A popular way to look for planets these days is to measure the amount of light a star is giving off. When a planet passes in front of its host star, it will cause a small, but detectable, drop in brightness. And by measuring the frequency of these dips, plus the size, it’s possible to determine much about the nature of the planet, like if it is potentially habitable and thus home to alien life. Sometimes, however, the telescopes doing the observing see things that are harder to explain.
KIC 8462852 is a star in the Cygnus constellation approximately 1400 light years away from Earth. Unlike a star with a planet in orbit, this star displayed brightness dips of up to 20 percent, and they definitely weren’t regular. One explanation was a cloud of comet fragments that found their way into a tight orbit around the star, but another theory proposes something a lot more concerning.
In 1960, physicist Freeman Dyson proposed a theory that an intelligent alien civilization might grow to a point where it required more energy than could be generated on a single planet. He theorised that such an advanced civilization might be able to construct a massive orbiting structure called a Dyson Sphere, that would be able to capture a significant proportion of the solar energy of a system’s star and make it available to the population. Such a “megastructure” would capture most of the visible light of the star, but would still emit some infrared radiation, and would therefore be identifiable.
A variation of this theory, known as a Dyson Swarm, has been proposed as an explanation for what’s happening around KIC 8462852. In this scenario, the civilization is building a swarm of orbiting satellites to achieve a similar goal to the sphere, but without the complications of trying to actually build a ball around a star.
Any civilization that is capable of building even a Dyson Swarm would be so far ahead of us technologically, we can’t even imagine what they are capable of. And while NASA has found no evidence of radio emissions coming from that part of the sky, if they are capable of constructing Dyson Swarms, they have probably found a quicker way to communicate over large distances than electromagnetic radiation … not to mention quick ways to eradicate inferior galactic neighbors.
Gamma-ray bursts (GRBs) don’t happen very often, and considering they’re basically giant, super-long explosions of energy (the most recent one, 2013’s GRB 130427A, lasted 20 hours), that’s a good thing. However, their rarity means we don’t know too much about them, even though one may wind up killing us all some day.
We don’t know exactly what GRBs are or how they happen.
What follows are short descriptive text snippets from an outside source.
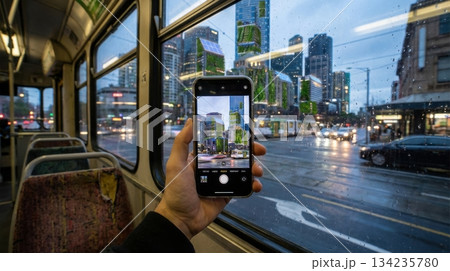 Passenger View of Green Futuristic Cityscape from Electric Transport Passenger View of Green Futuristic Cityscape from Electric Transport 134235780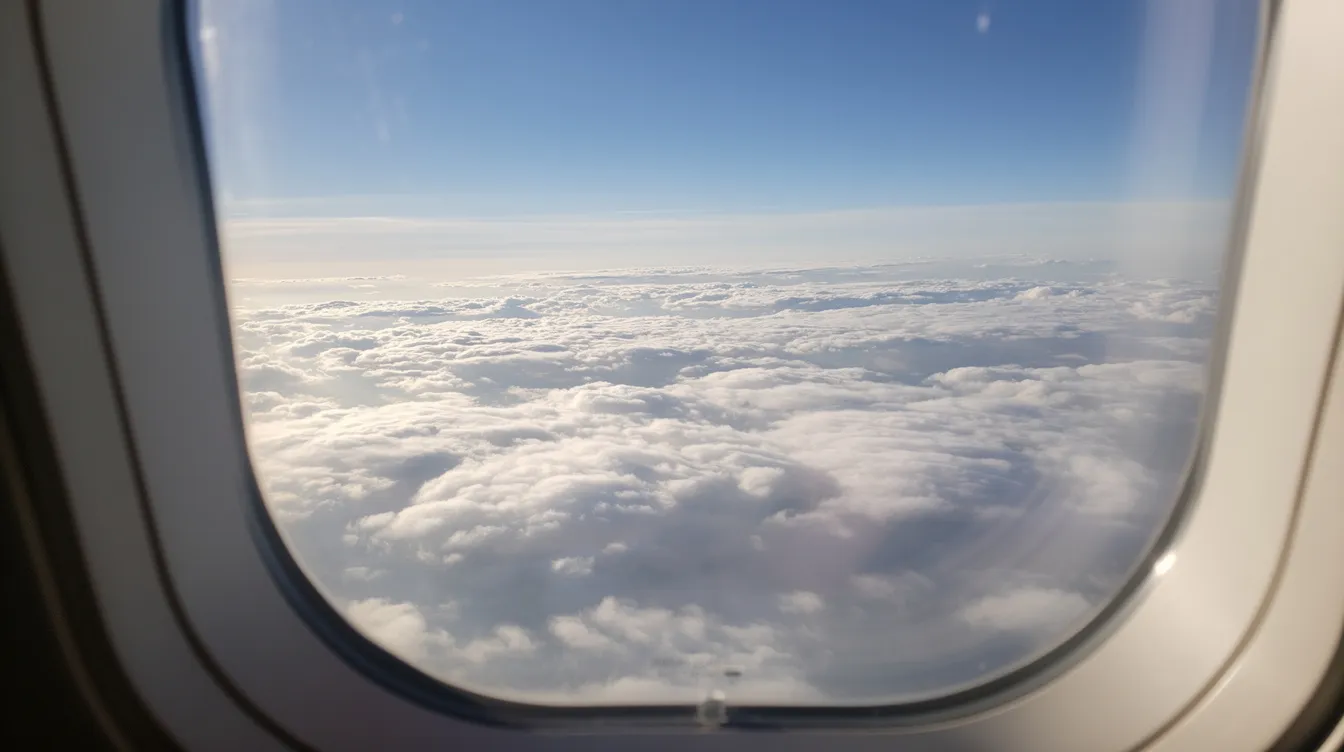The image depicts a serene view from an airplane window, showcasing a calm blue sky above a soft layer of white clouds, perfect for those tracking flights or planning their next journey. This tranquil scene highlights the beauty of flight and the vastness of the skies, ideal for both student pilots and experienced aviators alike.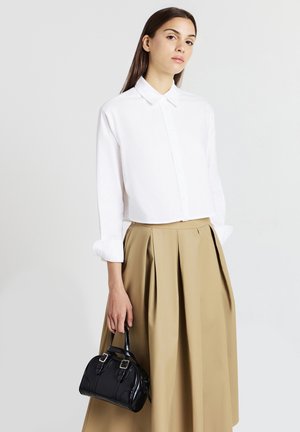 Donna che indossa una camicia bianca con bottoni e una gonna plissettata beige, mentre tiene una piccola borsa nera su uno sfondo semplice.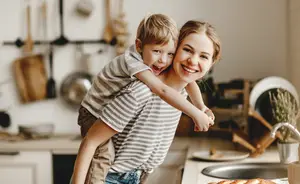 A woman carrying her son on her shoulder in a kitchen with a smiling face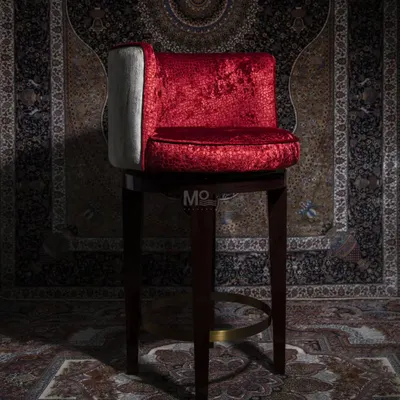 Inspired by classic royal aesthetics, the Old Fashioned Bar Chair is a bold statement piece. The vibrant red velvet upholstery exudes opulence, while the polished brass footrest adds a golden touch of luxury.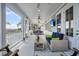 Relaxing porch with water view, comfortable seating, and a TV for entertaining at 1063 Hills Plantation Dr, Charleston, SC 29412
As NASA explains, GRBs might be caused by low-energy gamma rays that, once exposed to space, explode into high-energy rays. But even NASA admits that’s just a theory, as are any other idea beyond “the Horrendous Space Kablooie come to life.” And they are horrendous indeed — a 2014 study showed frequent GRB explosions have left swaths of the universe completely inhospitable. That study also said there’s a good chance a GRB caused at least one mass-extinction event in Earth’s history. And while we probably won’t have a follow-up GRB (according to the BBC, our area isn’t really vulnerable to one), it’s still possible. The more we know about these things, the easier it might become to detect them before they explode and kill everything in sight. But that knowledge may be a long way off.